American Trucking Associations (ATA) and its 50 federated state trucking associations has released the results of a major survey of 1,000 trucking companies documenting the severity of the rising cost for primary and umbrella insurance.
The survey shows that primary, or general liability, rates increased by 32 percent for carriers renewing in 2001, with those renewing their policies after the terrorists attacks on New York City and Washington DC September 11, 2001, paying an average 37 percent more. Renewal rates for umbrella insurance in 2001 were pegged at an average 74 percent while rate increases after September 11 climbed to 120 percent, with one hike of over 1,000 percent.
"This information from our members demonstrates the depth of the insurance crisis in the trucking industry," said William J Canary, ATA president and chief executive officer. "Considering the fact that trucking moves a majority of the freight in America, a crisis like this is a real problem for the national economy."

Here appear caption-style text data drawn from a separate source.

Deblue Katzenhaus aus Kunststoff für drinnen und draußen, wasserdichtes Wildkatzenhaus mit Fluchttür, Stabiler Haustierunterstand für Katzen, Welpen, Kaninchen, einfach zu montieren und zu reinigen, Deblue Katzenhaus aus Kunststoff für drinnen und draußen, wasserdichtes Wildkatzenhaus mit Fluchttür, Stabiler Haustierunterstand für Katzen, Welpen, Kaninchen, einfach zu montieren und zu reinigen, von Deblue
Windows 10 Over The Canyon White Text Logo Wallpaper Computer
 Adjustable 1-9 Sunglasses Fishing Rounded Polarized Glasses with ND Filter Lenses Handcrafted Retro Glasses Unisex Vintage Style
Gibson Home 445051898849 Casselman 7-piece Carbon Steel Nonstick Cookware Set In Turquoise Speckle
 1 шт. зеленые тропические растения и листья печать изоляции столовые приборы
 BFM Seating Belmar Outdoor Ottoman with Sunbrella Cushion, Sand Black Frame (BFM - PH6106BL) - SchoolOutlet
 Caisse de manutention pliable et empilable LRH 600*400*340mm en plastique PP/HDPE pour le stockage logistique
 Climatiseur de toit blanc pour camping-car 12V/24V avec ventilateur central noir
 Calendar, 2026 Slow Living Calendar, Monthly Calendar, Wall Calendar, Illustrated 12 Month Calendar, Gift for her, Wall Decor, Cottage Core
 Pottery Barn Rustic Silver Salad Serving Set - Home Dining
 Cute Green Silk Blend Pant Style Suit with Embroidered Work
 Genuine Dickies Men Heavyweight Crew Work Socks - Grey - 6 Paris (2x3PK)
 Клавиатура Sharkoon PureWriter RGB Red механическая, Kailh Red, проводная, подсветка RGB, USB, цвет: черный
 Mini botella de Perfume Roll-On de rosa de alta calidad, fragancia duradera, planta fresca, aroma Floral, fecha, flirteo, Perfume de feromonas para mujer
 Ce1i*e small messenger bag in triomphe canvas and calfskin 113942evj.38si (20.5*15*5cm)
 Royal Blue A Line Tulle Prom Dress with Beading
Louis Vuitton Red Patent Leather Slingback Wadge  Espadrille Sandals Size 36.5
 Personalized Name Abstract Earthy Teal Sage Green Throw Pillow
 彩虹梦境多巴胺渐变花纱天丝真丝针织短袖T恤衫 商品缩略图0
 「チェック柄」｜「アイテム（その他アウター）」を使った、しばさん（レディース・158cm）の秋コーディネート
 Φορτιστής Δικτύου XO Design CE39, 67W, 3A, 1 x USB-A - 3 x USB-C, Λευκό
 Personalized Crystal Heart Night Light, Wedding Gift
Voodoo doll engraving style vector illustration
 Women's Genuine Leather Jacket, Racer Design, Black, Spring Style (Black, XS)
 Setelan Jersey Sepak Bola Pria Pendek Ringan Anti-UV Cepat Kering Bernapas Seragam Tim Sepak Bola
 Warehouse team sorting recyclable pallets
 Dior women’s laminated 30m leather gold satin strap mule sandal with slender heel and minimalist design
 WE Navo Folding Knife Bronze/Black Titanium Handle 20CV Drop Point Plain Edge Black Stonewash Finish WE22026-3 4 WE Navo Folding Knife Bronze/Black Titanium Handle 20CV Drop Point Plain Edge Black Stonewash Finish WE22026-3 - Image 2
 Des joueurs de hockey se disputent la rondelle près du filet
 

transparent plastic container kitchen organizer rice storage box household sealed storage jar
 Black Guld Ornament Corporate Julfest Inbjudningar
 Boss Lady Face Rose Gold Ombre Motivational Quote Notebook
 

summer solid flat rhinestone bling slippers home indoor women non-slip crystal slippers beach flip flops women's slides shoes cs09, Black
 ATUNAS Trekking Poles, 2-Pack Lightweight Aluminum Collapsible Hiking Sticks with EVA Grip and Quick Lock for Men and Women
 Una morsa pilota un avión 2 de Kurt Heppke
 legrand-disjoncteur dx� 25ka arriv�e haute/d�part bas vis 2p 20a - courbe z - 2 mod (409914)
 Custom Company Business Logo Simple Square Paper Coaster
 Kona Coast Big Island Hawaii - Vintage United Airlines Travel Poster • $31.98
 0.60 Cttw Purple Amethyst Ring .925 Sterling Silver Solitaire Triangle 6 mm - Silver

Canary added that while some increases in costs were expected because the September 11 insurance losses, the jump in the percentages of increases is perplexing because both government statistics and the industry's experience show that trucking companies are driving safer than ever before.
In response to the industry's insurance situation, ATA Chairman David McCorkle of Oklahoma-based McCorkle Truck Lines has appointed an Insurance Task Force to study the issue. The panel, chaired by Fred C. Burns Jr. of Burns Motor Freight in West Virginia includes motor carriers of all sizes, representatives of the state trucking associations, and some of ATA's insurance industry partners. Its role is to highlight the trucking industry's insurance cost situation and to seek long and short-term responses.
"The best long-term solution is legal reform at the state and federal levels," Burns said. "Today, jury awards not based on any common sense reality are driving up insurance rates and continue to be completely out of hand. In addition, the 50 states have 50 different legal systems in which insurance companies and the trucking industry have to operate.
"Law enforcement and the insurance companies have a role here, too. "We need stepped up, tougher enforcement of traffic safety regulations and insurance companies must begin denying coverage to unsafe carriers and drivers who don't belong on the road."
Michael J Riley, president of the Motor Transport Association of Connecticut and chairman of the 50-state Trucking Association Executives Council, said: "We know that since 9-11 it is costing everyone more to do business. But ours is an industry where 80 percent of trucking companies have 20 or fewer trucks, where profit margins are slim, and where undue costs at one end threaten the entire business. We have to drive insurance costs down or our hometowns are going to lose some family-built, family-owned trucking companies; and all of America's freight deliveries will slow down."
For the short term, ATA is developing educational materials for state association members, of all sizes, to assist them in providing and promoting better safety programs and practices, better driver hiring, training, and monitoring systems, better safety incentive programs, better loss prevention systems--all of which can lead to lower insurance rates. "Simply put, we move the American economy," Canary said. "If increased insurance rates put us out of business--America stops."